**What to work on:** Starting at the line that contains "Okay everyone, today's", transcribe each line through the end of the material below, exactly and nothing else, leaving out the pictures.

**Records for the task:**
══════════

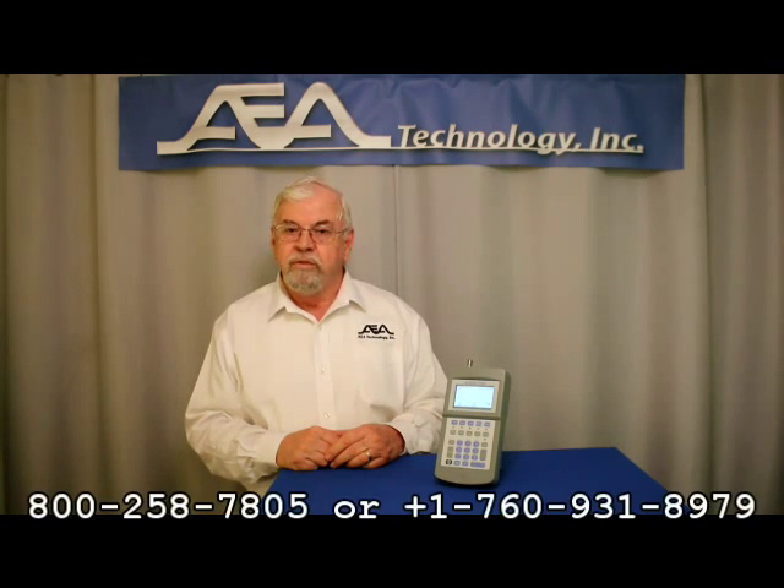This concludes our segment on testing coaxial cables. Once again, thank you for watching, and we hope this video was informative. For more videos in this series, please visit our website at www.aeatechnology.com for a complete list of their links, or if you have any questions, please contact us at the number shown below to speak to a sales associate or technical representative.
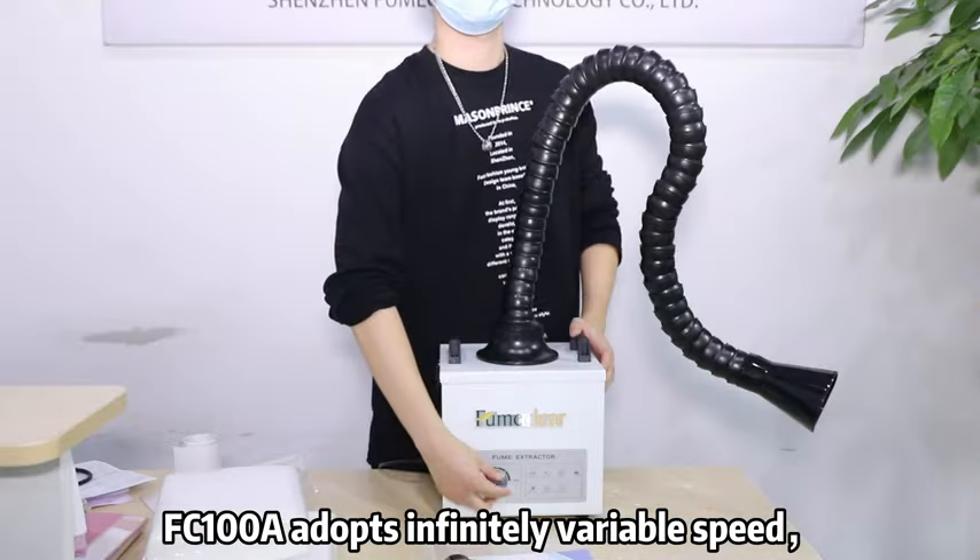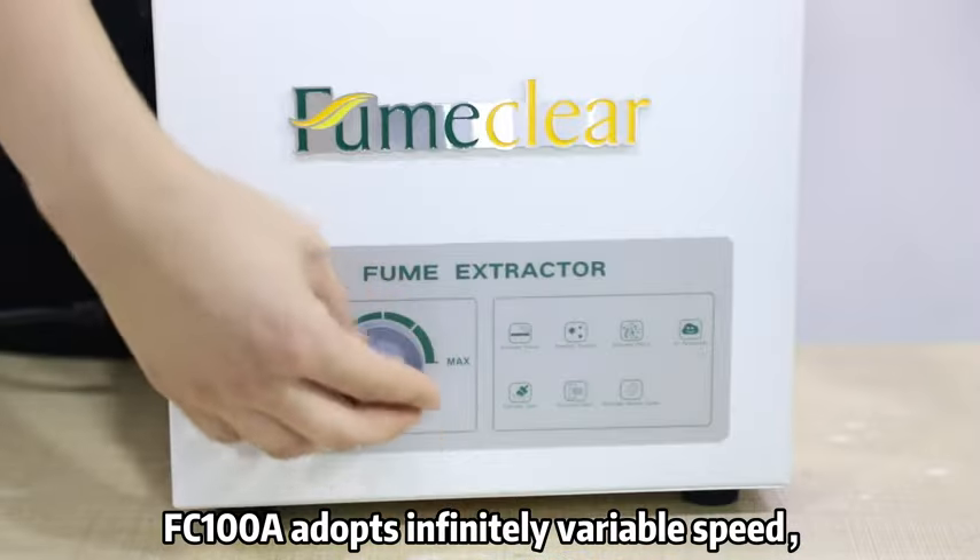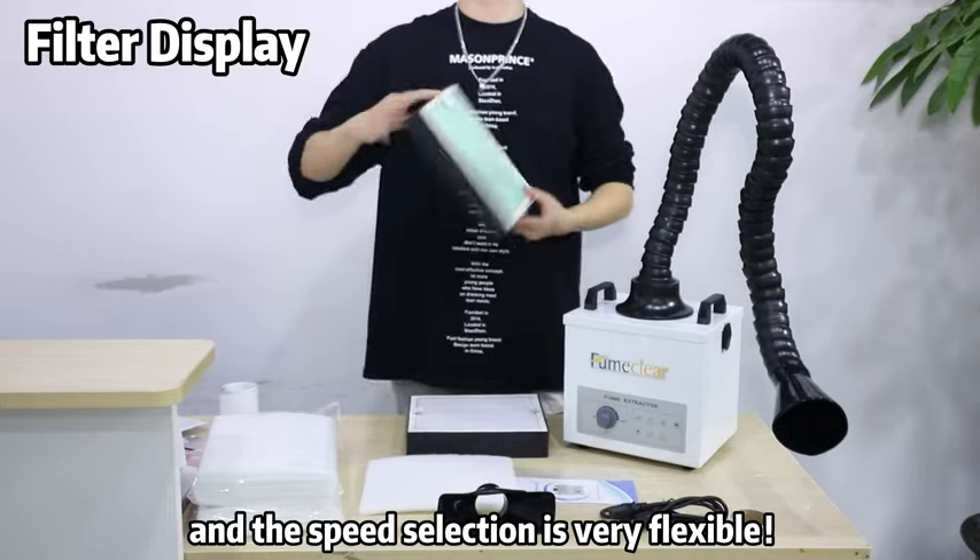FC100 adapts infinitely variable speed. The speed selection is very flexible.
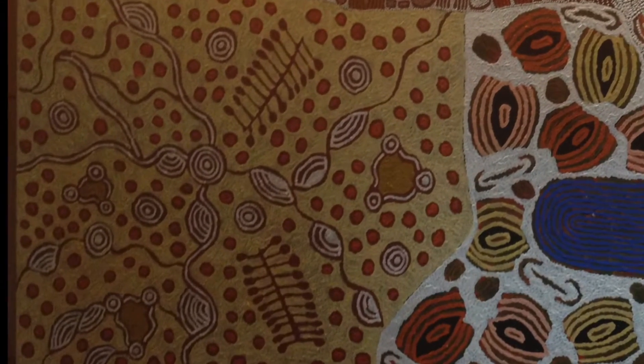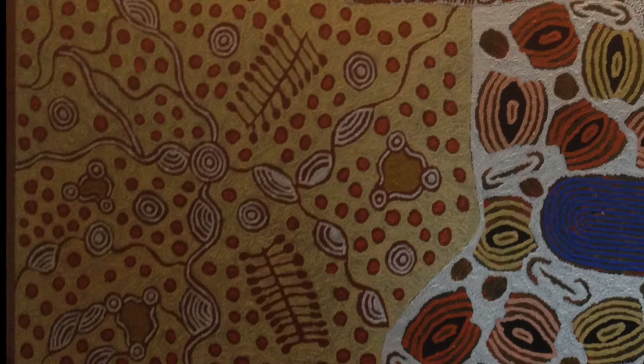The bottom left of this piece is done by Maisie Campbell, who assisted her husband Barney Campbell in the early 90s. Barney Campbell was the apprentice to the famous Turvey Tolson. Maisie's dreams in this piece are reflected in the sacred rock holes and significant women's ceremonies.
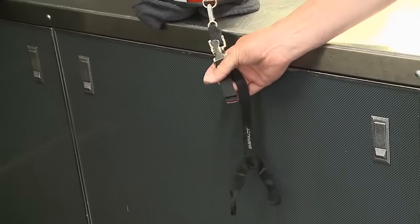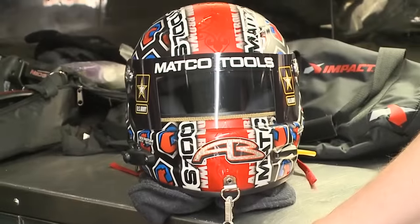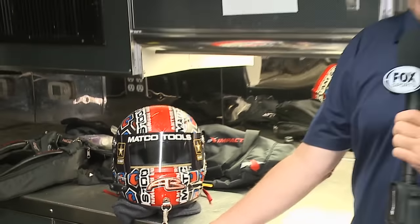And they'll adjust the tightness right here. Because if you weren't wearing this chin strap, your head snaps back and your neck could get sore pretty fast, or you could even injure it.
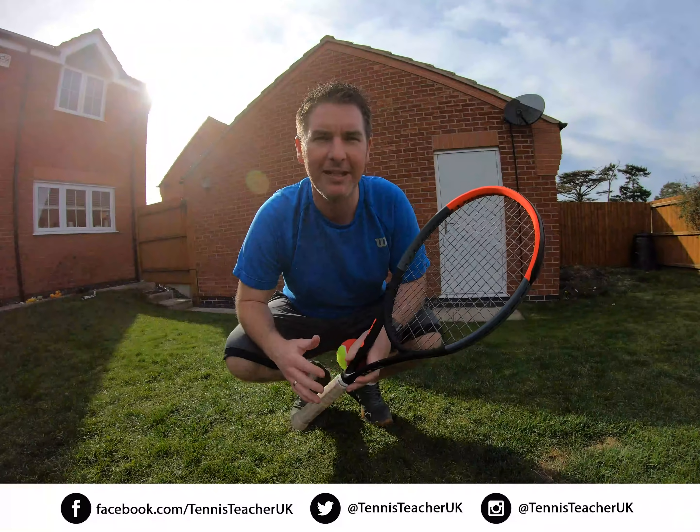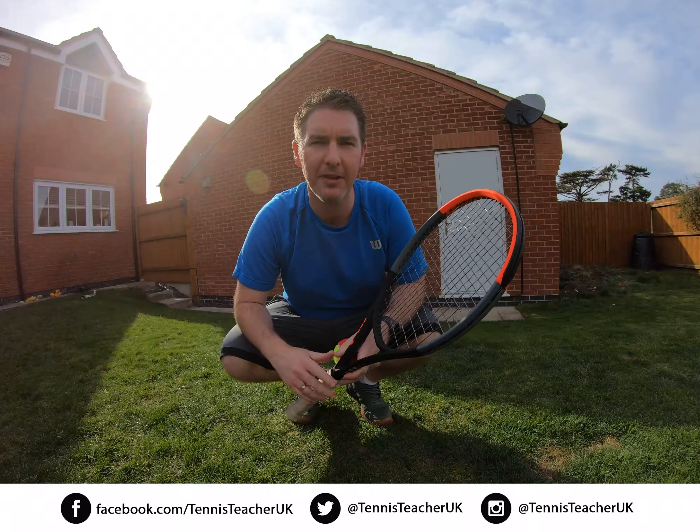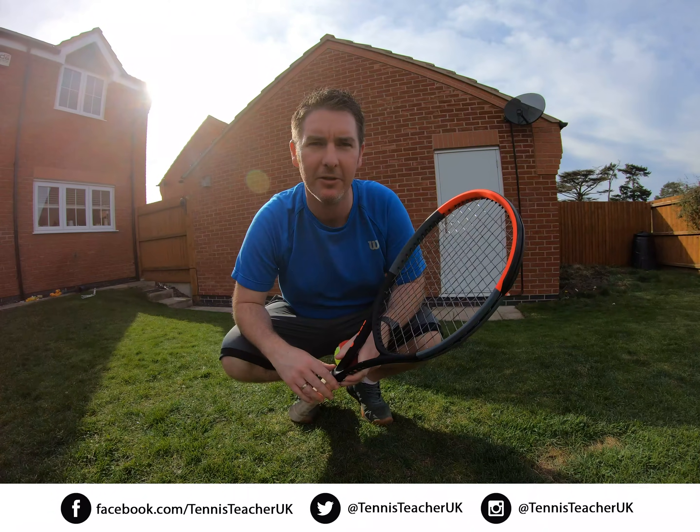Okay everyone, today's volley skill is going to be volleying the ball against the wall five times and then volleying the ball into the bucket. It should look something like this.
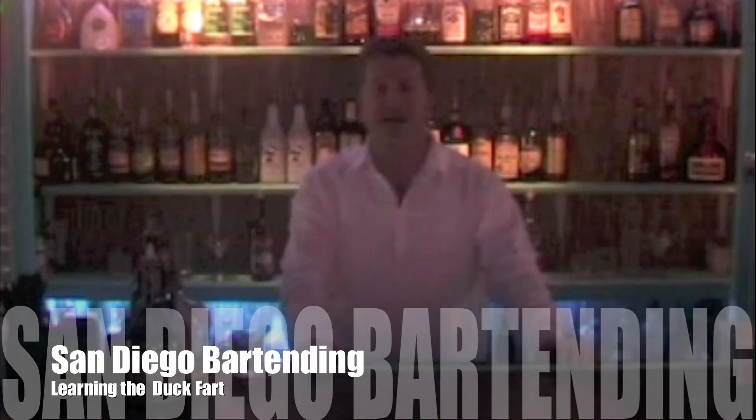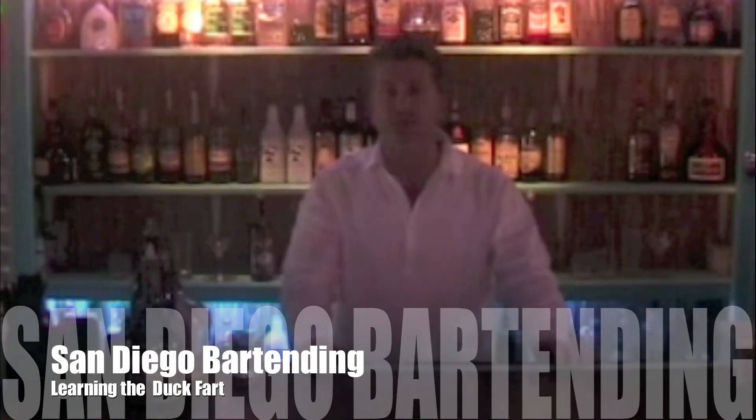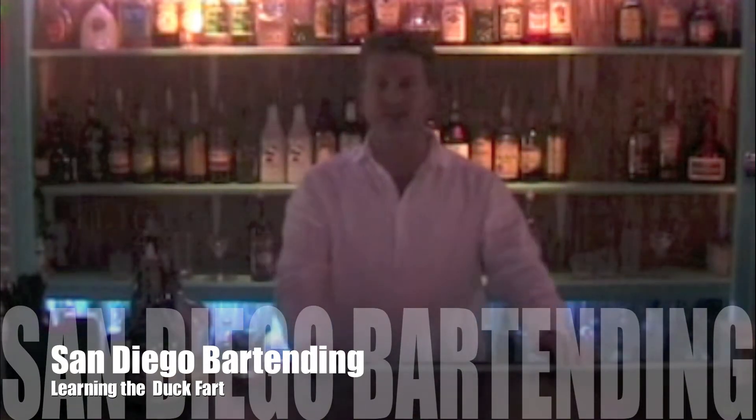Hi and welcome back to SanDiegoBartending.com's drink tutorial pages. Today we're going to do a shot called a duck fart. Who named that one?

══════════

**Answer:**
Okay everyone, today's volley skill is going to be volleying the ball against the wall five times and then volleying the ball into the bucket. It should look something like this.
Hi and welcome back to SanDiegoBartending.com's drink tutorial pages. Today we're going to do a shot called a duck fart. Who named that one?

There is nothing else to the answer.